Los primeros cristianos vencieron muchos obstáculos con su empeño y con su amor a Cristo, y nos señalaron el camino: su firmeza en la doctrina del Señor pudo más que la atmósfera materialista, y frecuentemente hostil, que los circundaba.
Metidos en la entraña misma de aquella sociedad, no buscaron en el aislamiento el remedio a un posible contagio y su propia supervivencia.

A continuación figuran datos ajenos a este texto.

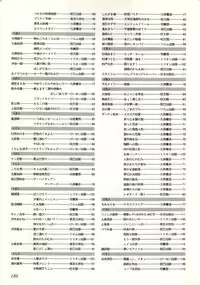 [Comptiq] Chotto H na Fukubukuro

El cristiano, con la ayuda de Dios, procurará hacer noble y valioso lo vulgar y corriente, convertir cuanto toque, no ya en oro, como en la leyenda del rey Midas, sino en gracia y en gloria. La Iglesia nos recuerda la tarea urgente de estar presentes en medio del mundo, para reconducir a Dios todas las realidades terrenas.
Esto solo será posible si nos mantenemos unidos a Cristo mediante la oración y los sacramentos. Como el sarmiento está unido a la vid, así debemos estar nosotros cada día unidos al Señor.
El cristiano ha de ser «otro Cristo». Esta es la gran fuerza del testimonio cristiano. Y de Jesús se dijo, a modo de resumen de toda su vida, que pasó por la tierra haciendo el bien, y eso debería decirse de cada uno de nosotros, si de verdad procuramos imitarle.